§ **Exercise goal**:
Write out the line that has "Ikan Mas Merah" in it, along with each line that comes after it until the listing ends, and add nothing.
Data: Begin
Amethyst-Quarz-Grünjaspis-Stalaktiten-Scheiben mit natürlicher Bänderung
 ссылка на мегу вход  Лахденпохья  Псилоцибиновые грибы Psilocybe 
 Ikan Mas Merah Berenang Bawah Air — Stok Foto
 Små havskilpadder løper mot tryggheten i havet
Data: End
§ **Finished task**:
 Ikan Mas Merah Berenang Bawah Air — Stok Foto
 Små havskilpadder løper mot tryggheten i havet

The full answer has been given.